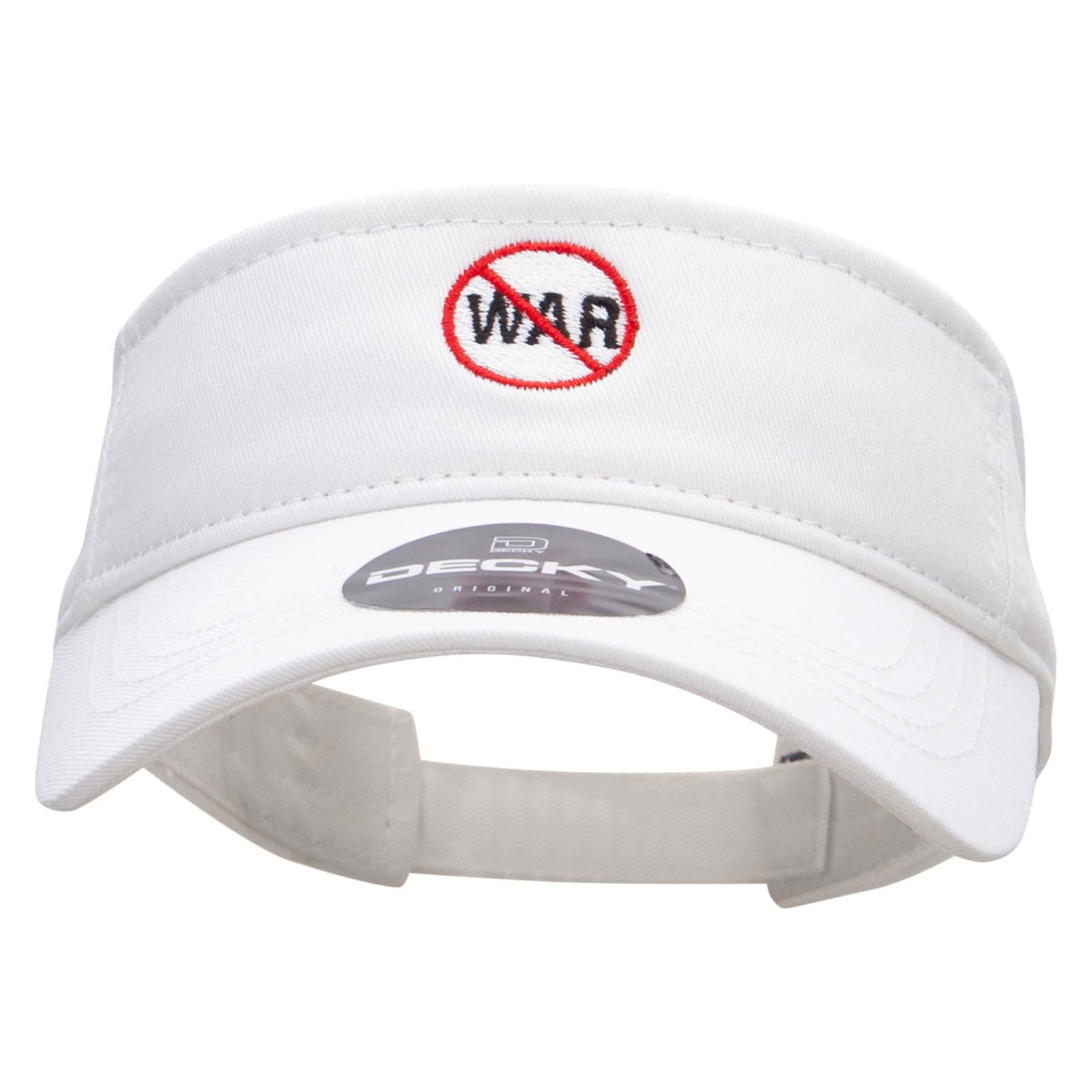 No War Embroidered Brushed Sports Visor - White OSFM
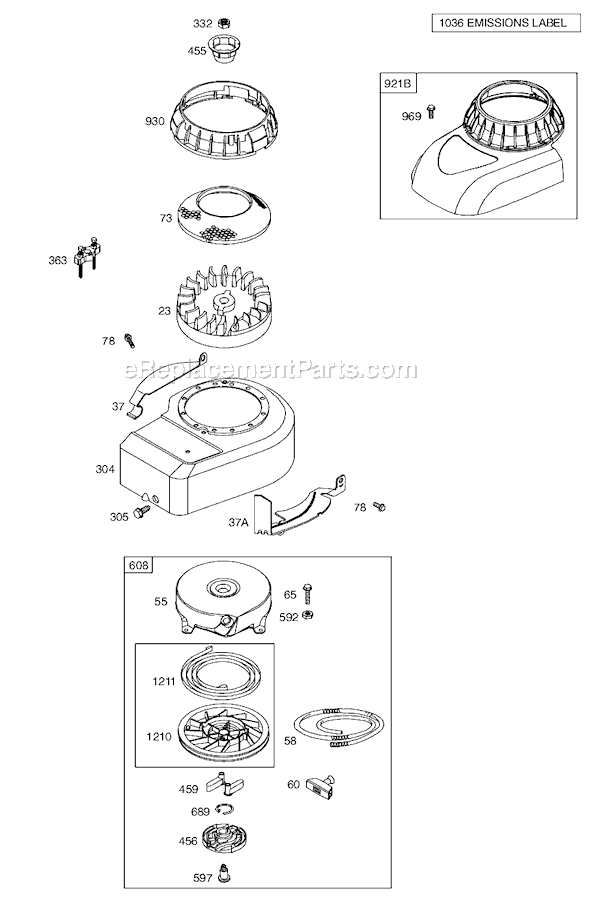 Page E Diagram and Parts List for 9T500SERIES  Briggs and Stratton Engine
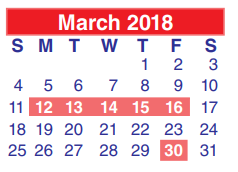 District School Academic Calendar for Galena Park High School for March 2018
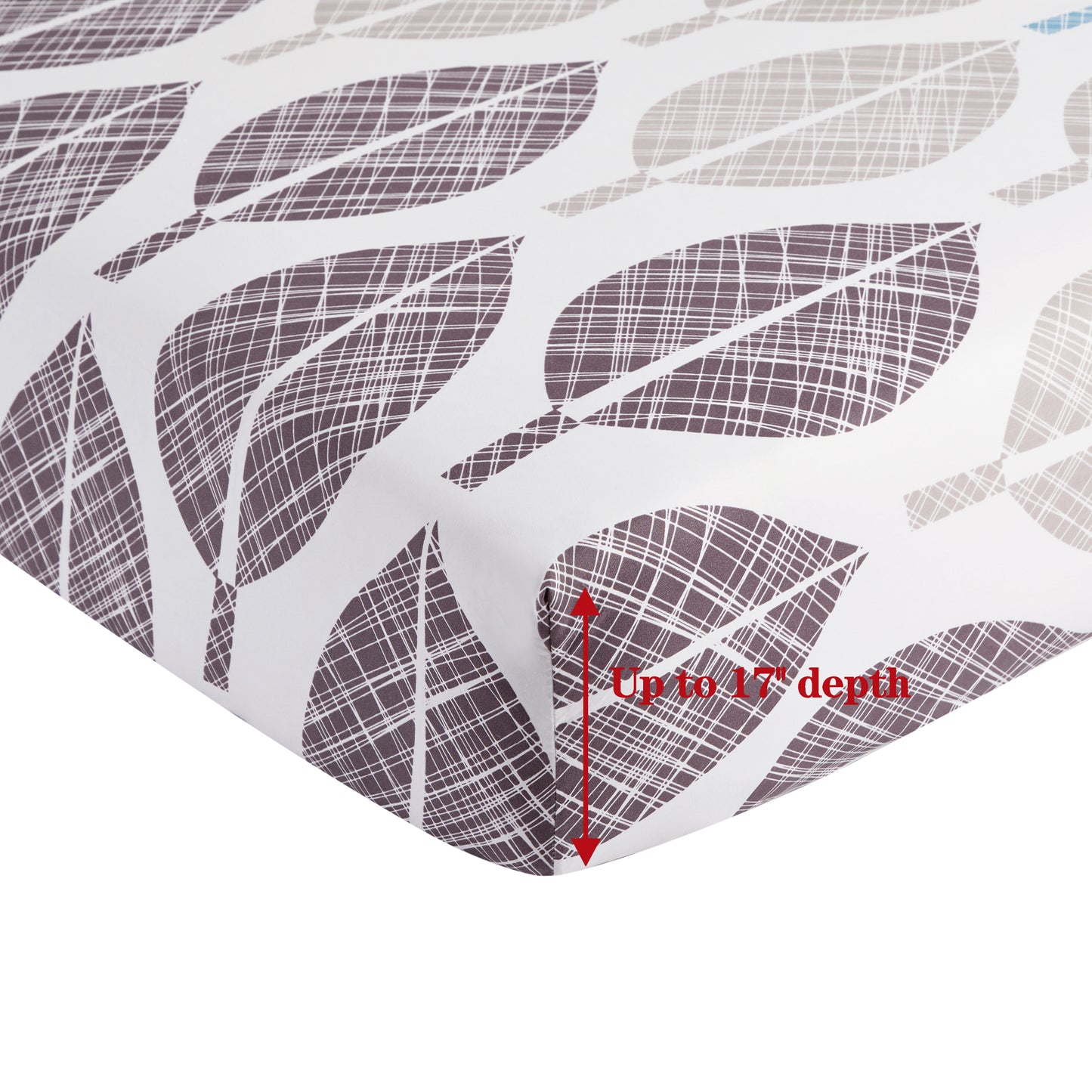 Printed Rayon from Bamboo Soft Deep Pocket Bedding All Season Sheet Set, Modern Colorful Leaves
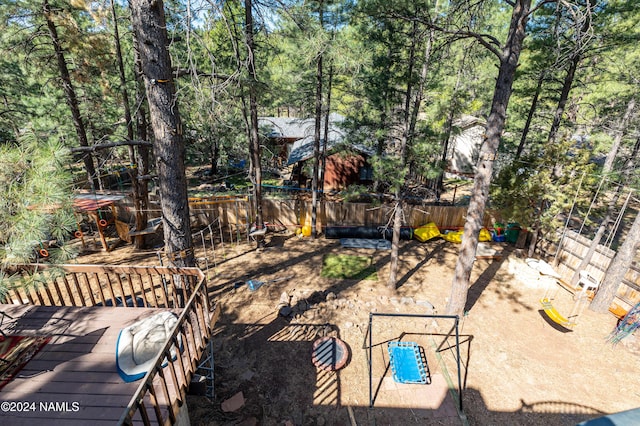 view of yard with a deck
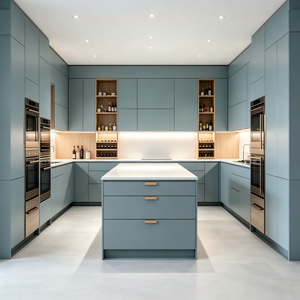 Haze‑Blue Kitchen Customization With Central Island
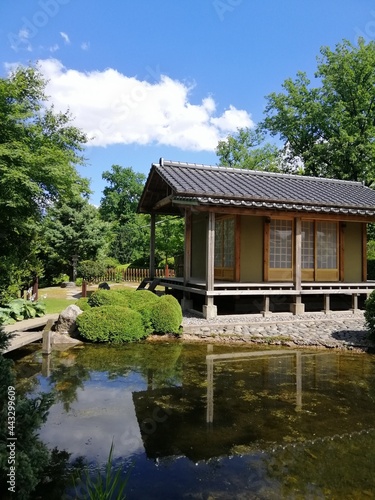St. Petersburg, Russia - July 4, 2021. Peter the Great Botanical Garden. A tea house in the Japanese garden of the architect and designer Yamada Midori near an artificial pond on a sunny summer day.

§ Problem requirements
Starting at the line containing "view of yard with a deck", output every remaining line of the records above exactly, the last one included. Nothing else belongs in the output, and no pictures either.

§ Task output
 view of yard with a deck
 Haze‑Blue Kitchen Customization With Central Island
St. Petersburg, Russia - July 4, 2021. Peter the Great Botanical Garden. A tea house in the Japanese garden of the architect and designer Yamada Midori near an artificial pond on a sunny summer day.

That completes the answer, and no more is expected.